_Work task_
Could you print the stretch of lines below from the one with "2021 Maruti Vitara" through the one with "Flasneta Fridolin Van", exactly as they stand and without any pictures?

_Records provided_
BEGIN
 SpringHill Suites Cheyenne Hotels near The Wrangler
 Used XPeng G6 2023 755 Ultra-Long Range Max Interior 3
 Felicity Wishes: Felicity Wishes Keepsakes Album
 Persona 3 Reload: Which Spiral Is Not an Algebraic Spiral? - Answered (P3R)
END
BEGIN
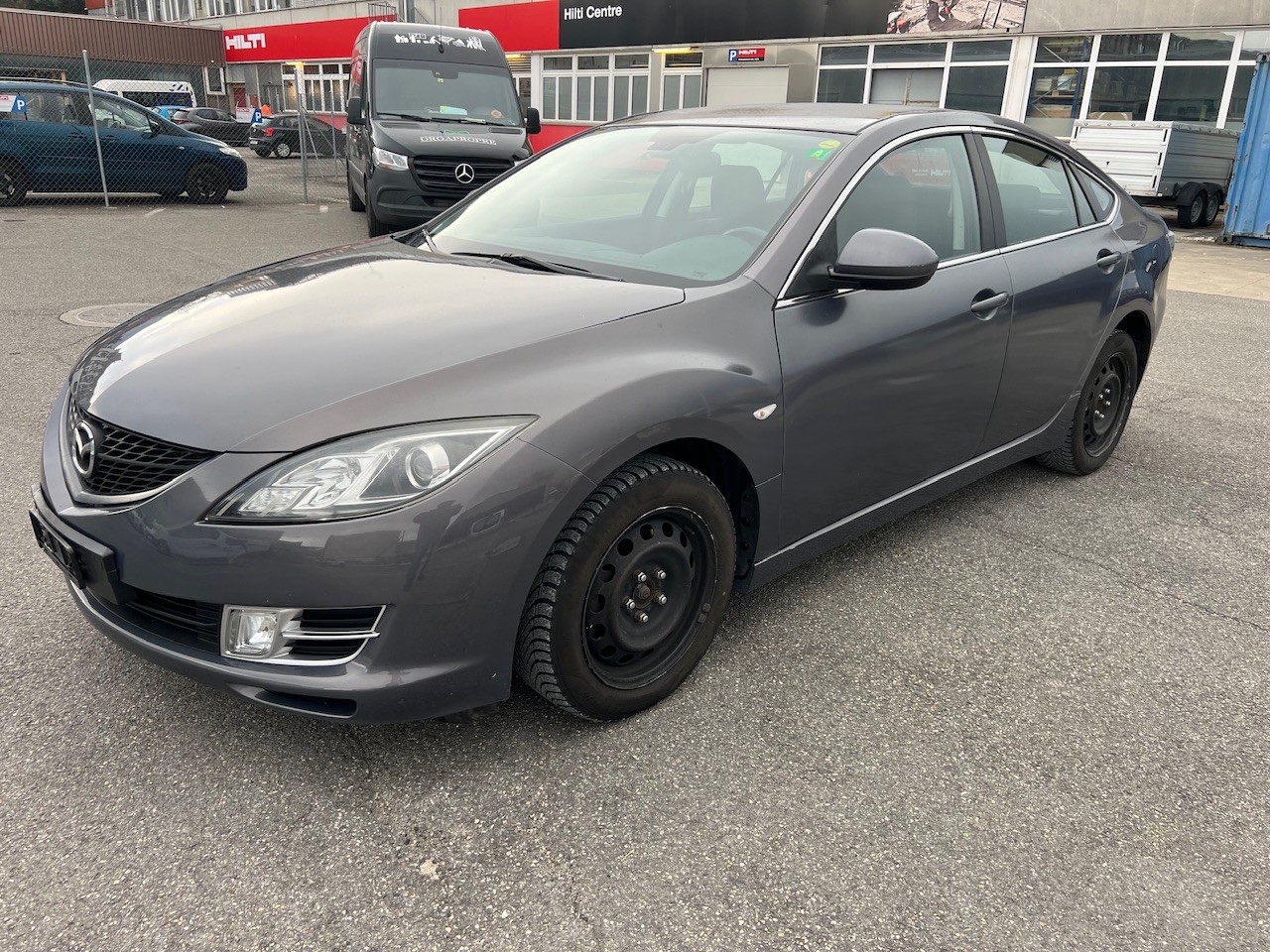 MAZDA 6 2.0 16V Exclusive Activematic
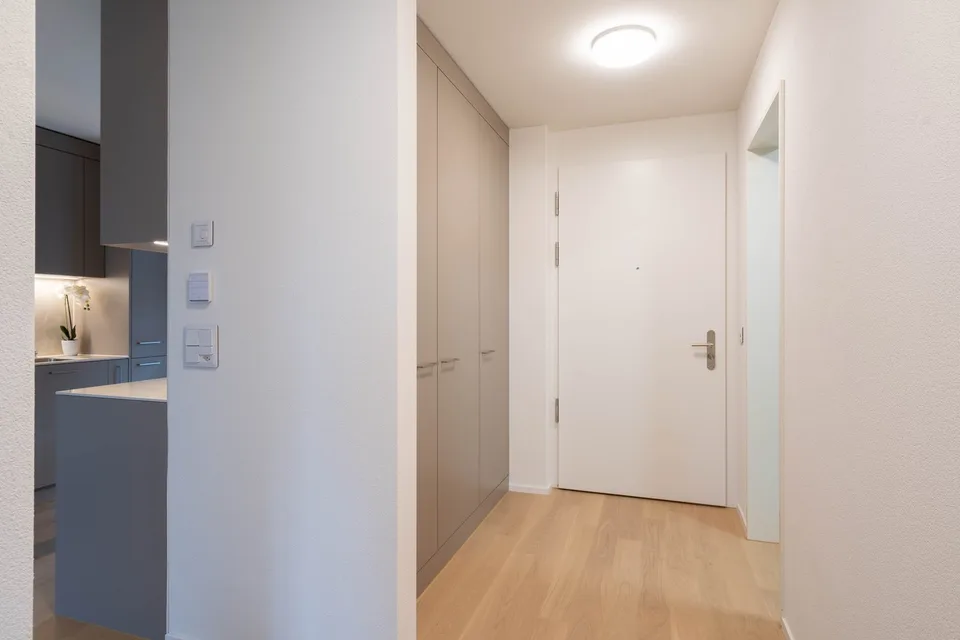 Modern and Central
END
BEGIN
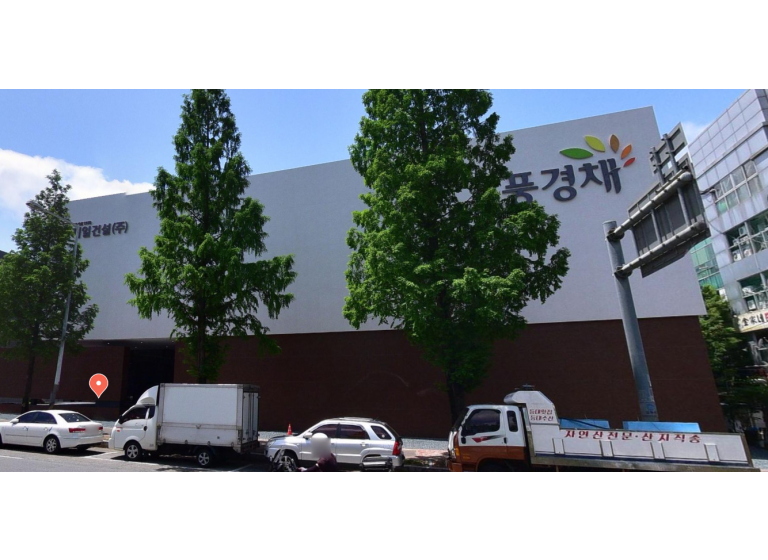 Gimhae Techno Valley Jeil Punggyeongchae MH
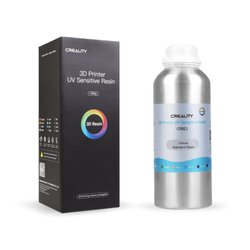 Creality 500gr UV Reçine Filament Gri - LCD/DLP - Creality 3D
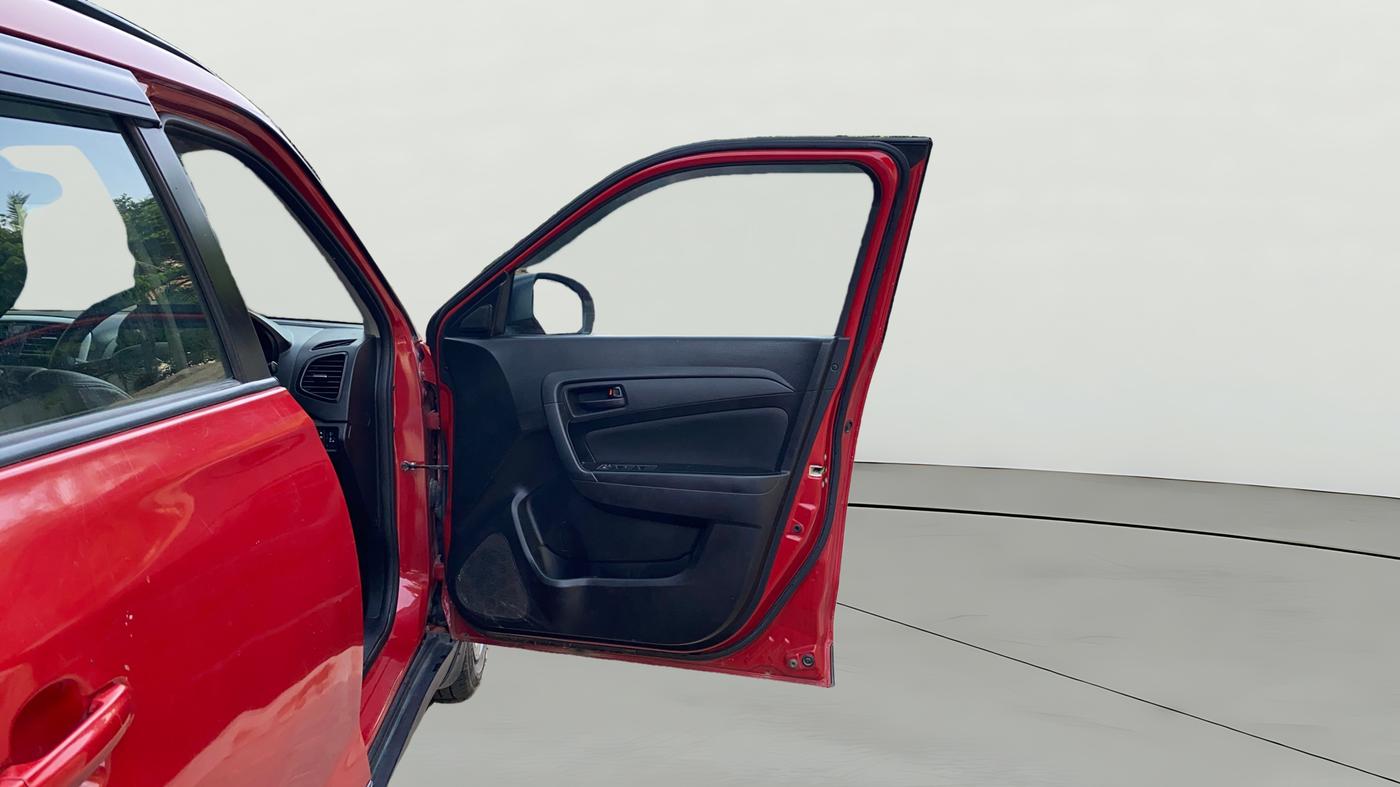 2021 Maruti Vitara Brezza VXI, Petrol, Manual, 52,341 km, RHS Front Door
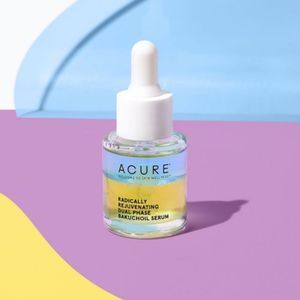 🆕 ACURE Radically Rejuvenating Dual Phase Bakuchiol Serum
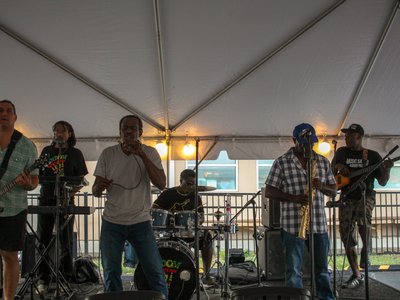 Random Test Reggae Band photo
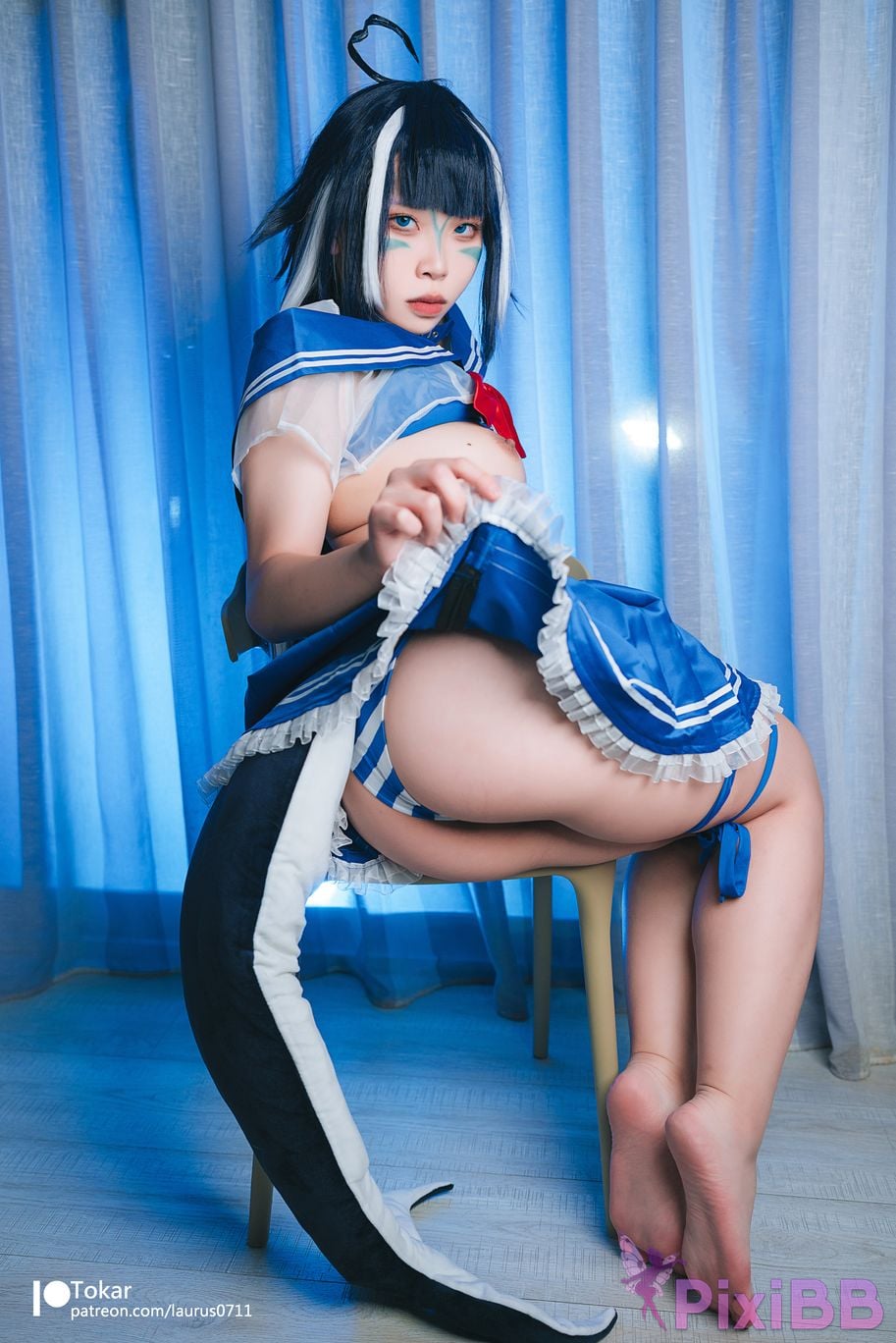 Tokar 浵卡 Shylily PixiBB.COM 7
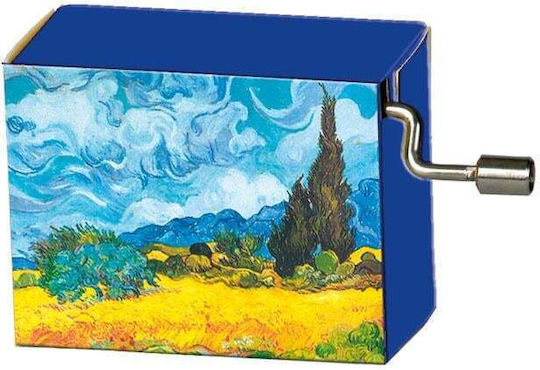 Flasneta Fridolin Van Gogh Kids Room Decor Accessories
END
_Reply_
 2021 Maruti Vitara Brezza VXI, Petrol, Manual, 52,341 km, RHS Front Door
 🆕 ACURE Radically Rejuvenating Dual Phase Bakuchiol Serum
 Random Test Reggae Band photo
 Tokar 浵卡 Shylily PixiBB.COM 7
 Flasneta Fridolin Van Gogh Kids Room Decor Accessories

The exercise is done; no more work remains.